* **DATA TO PROCESS**:

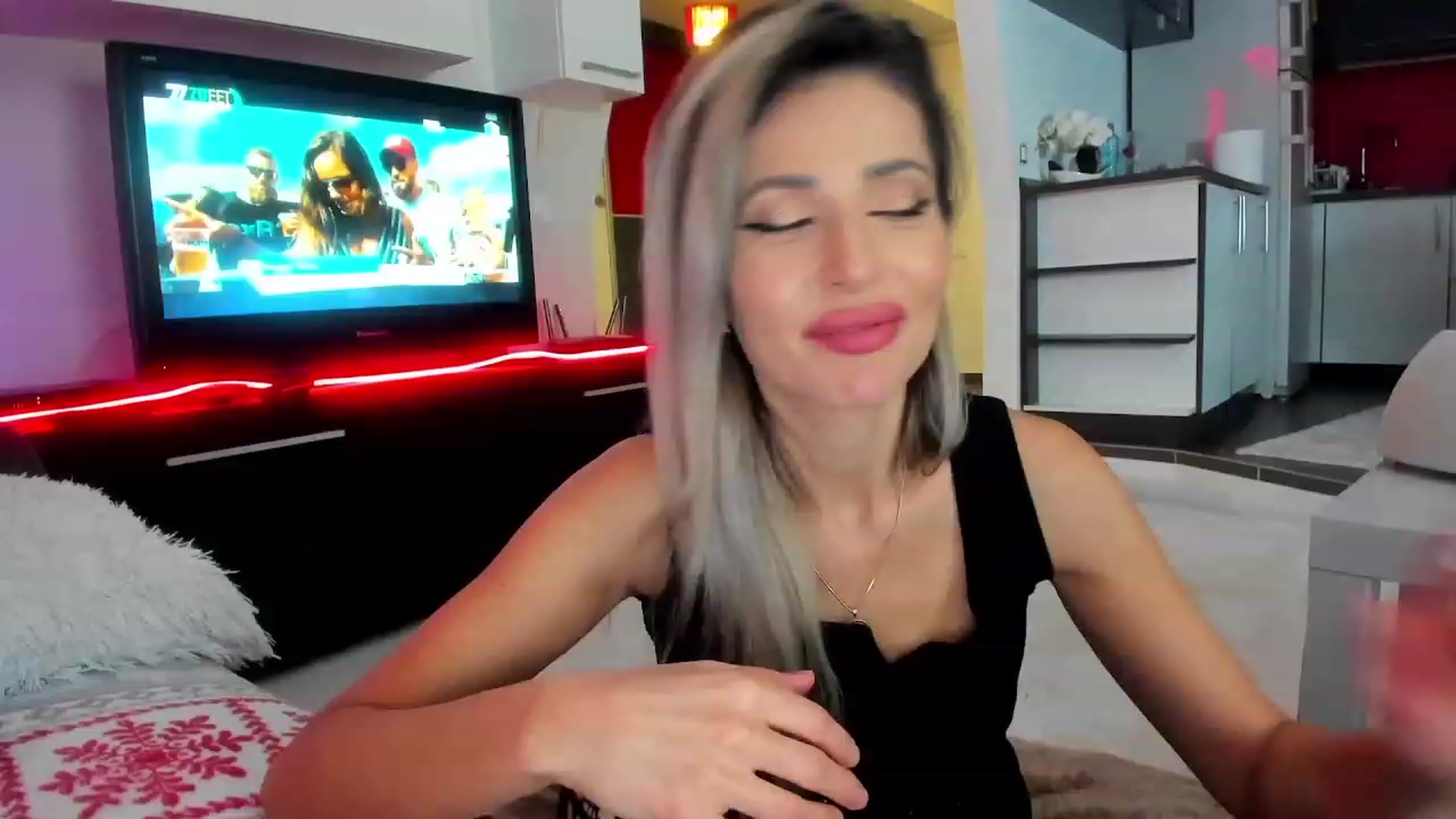 Gallery image thumbnail from SmileyTinaa's myfreecams stream on, 01/16/2024, 23:23 image 14 of 20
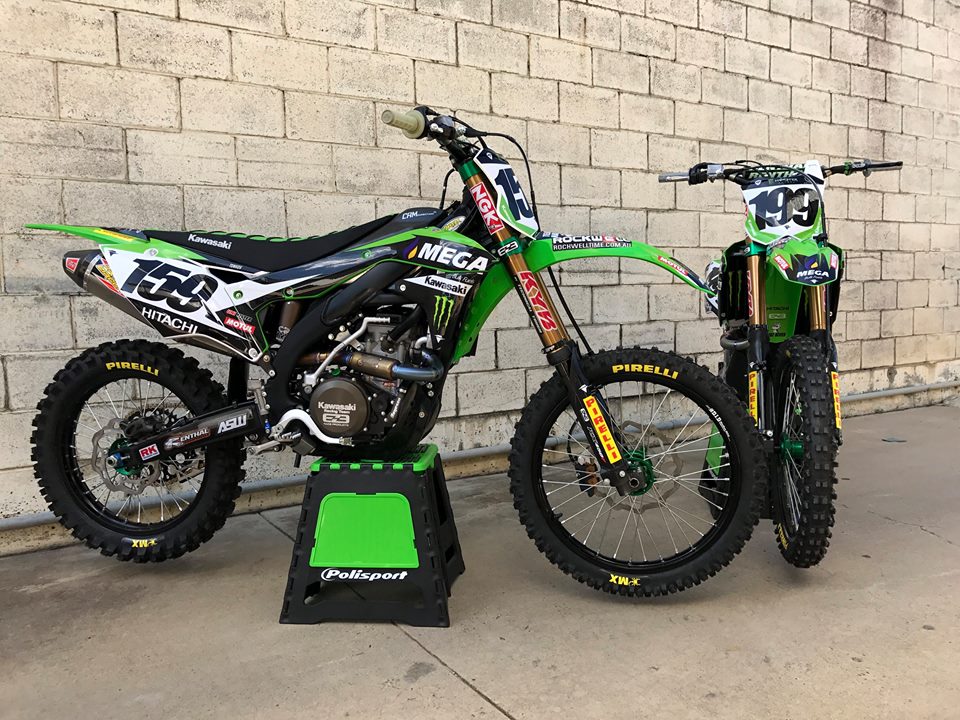 мотоциклы заводской MEGA Bulk Fuels Monster Energy Kawasaki Racing Team мотоциклы заводской MEGA Bulk Fuels Monster Energy Kawasaki Racing Team
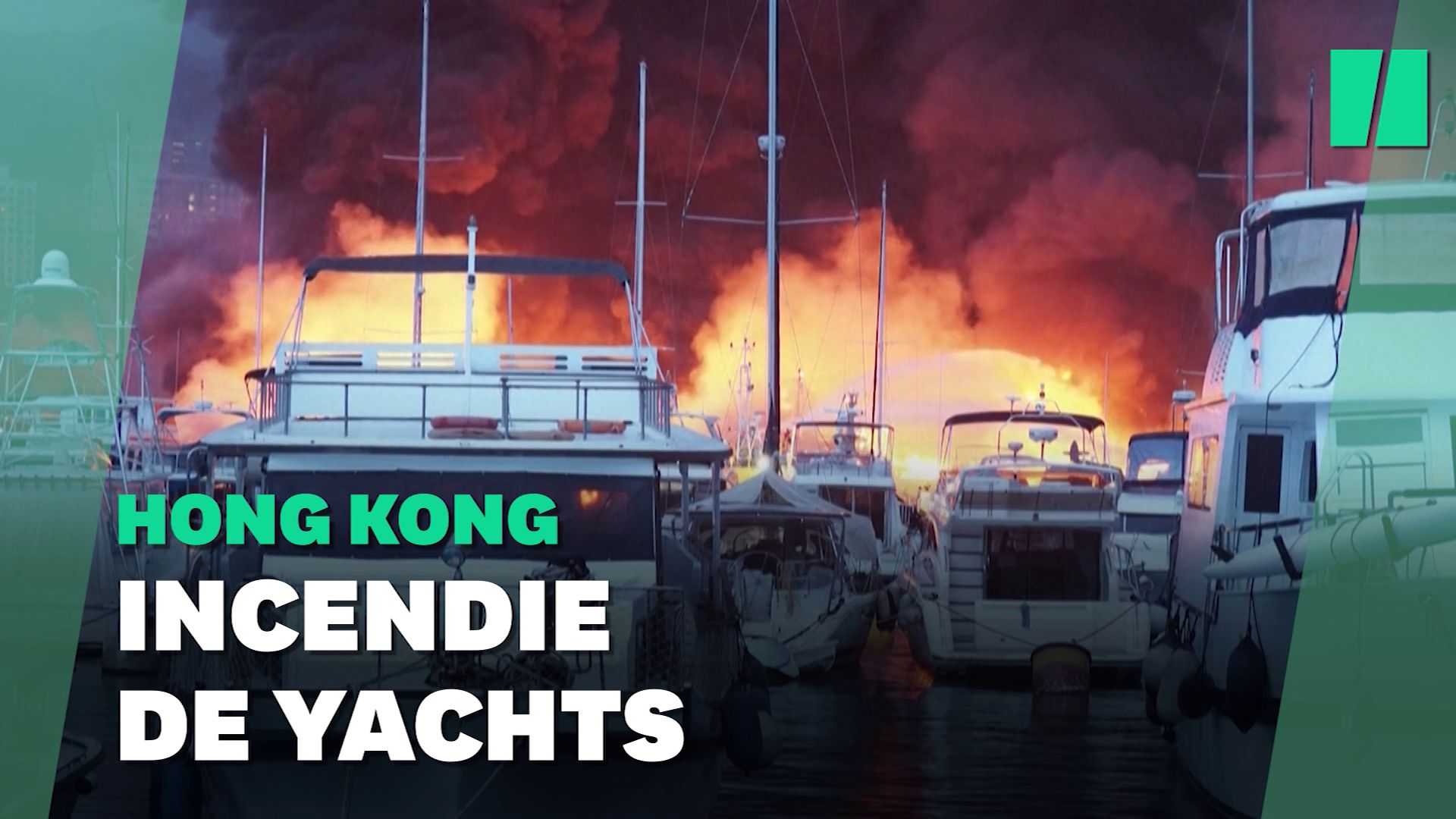 À Hong Kong, un incendie impressionnant embrase un port de plaisance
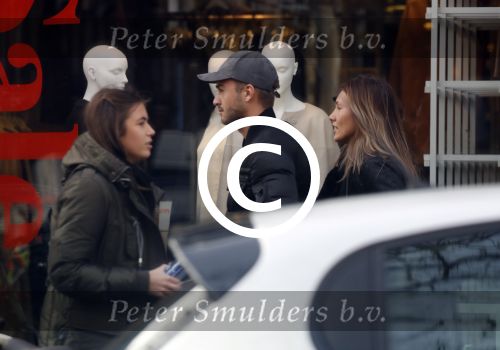 Amsterdam 20 januari 2017
Dave Roelvink met zijn nieuwe vriendin Julia Mekkes nadat ze geluncht hebben bij v Dam op de cornelis Schuytstraat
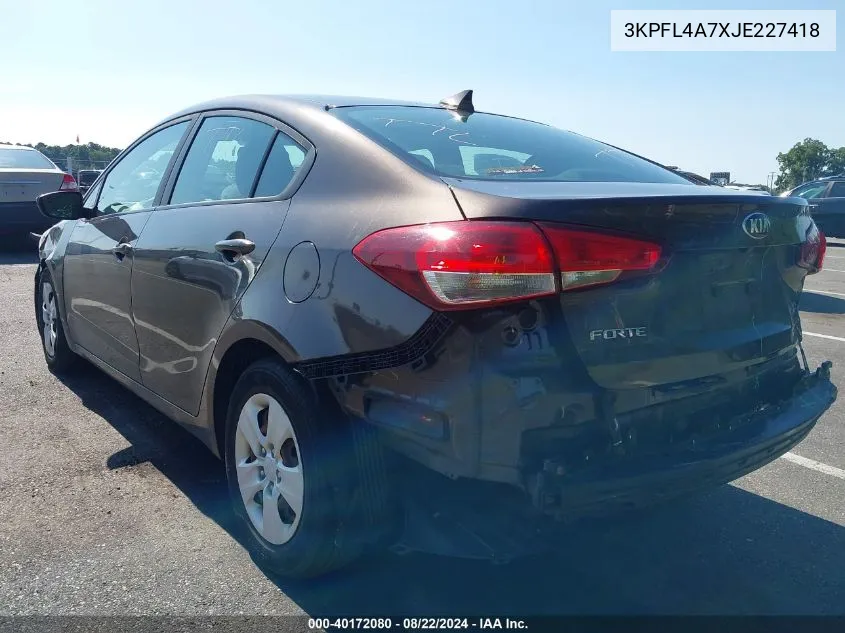 3KPFL4A7XJE227418 2018 Kia Forte Lx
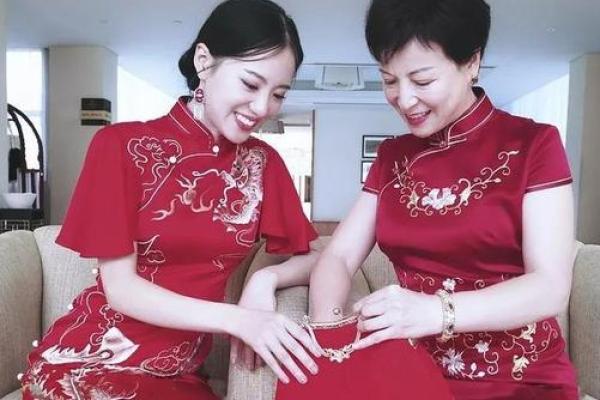 谜语完美分赏析：2025年11月19日是否适合结婚？黄道吉日查询及婚礼筹备建议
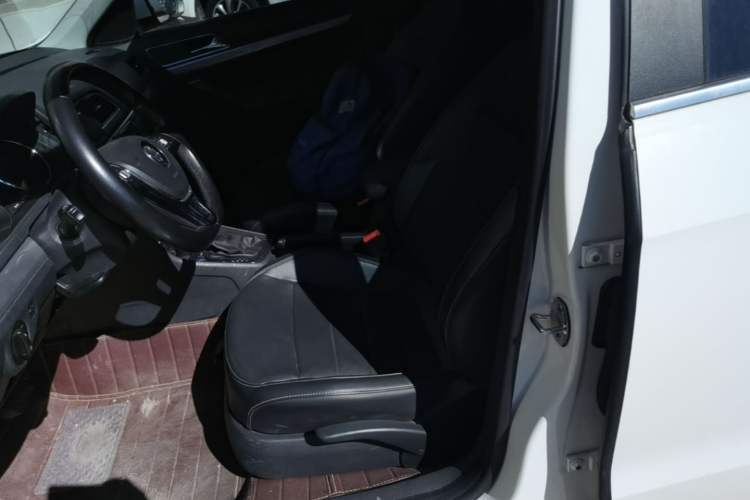 Used Volkswagen Lavida 2018 Classic 1.5L Automatic Comfort Edition China VI Standard Left Front Seat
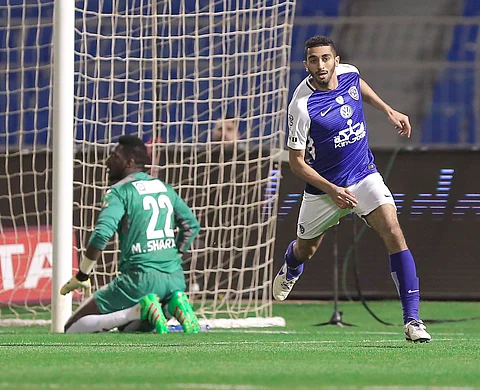 بالصور .. الهلال يعود لانتصاراته ويحافظ على صدارته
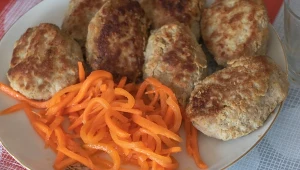 Kotlety mielone wychodzą suche? Dodaj ten składnik, a problem zniknie 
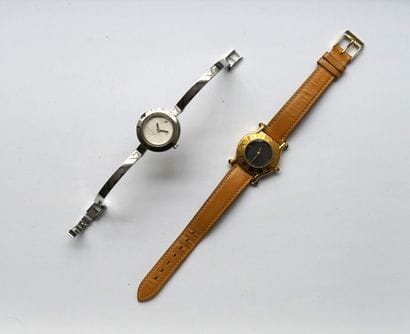 GUCCI - ENSEMBLE de 2 MONTRES bracelet de...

* **WHAT TO DO**: Your task is to repeat exactly the lines from the beginning of the data to the line that contains "Kotlety mielone wychodzą", both ends included, leaving out pictures.

* **ANSWER SPACE**:
 Gallery image thumbnail from SmileyTinaa's myfreecams stream on, 01/16/2024, 23:23 image 14 of 20
 мотоциклы заводской MEGA Bulk Fuels Monster Energy Kawasaki Racing Team мотоциклы заводской MEGA Bulk Fuels Monster Energy Kawasaki Racing Team
 À Hong Kong, un incendie impressionnant embrase un port de plaisance
 Amsterdam 20 januari 2017
Dave Roelvink met zijn nieuwe vriendin Julia Mekkes nadat ze geluncht hebben bij v Dam op de cornelis Schuytstraat
 3KPFL4A7XJE227418 2018 Kia Forte Lx
 谜语完美分赏析：2025年11月19日是否适合结婚？黄道吉日查询及婚礼筹备建议
 Used Volkswagen Lavida 2018 Classic 1.5L Automatic Comfort Edition China VI Standard Left Front Seat
 بالصور .. الهلال يعود لانتصاراته ويحافظ على صدارته
 Kotlety mielone wychodzą suche? Dodaj ten składnik, a problem zniknie 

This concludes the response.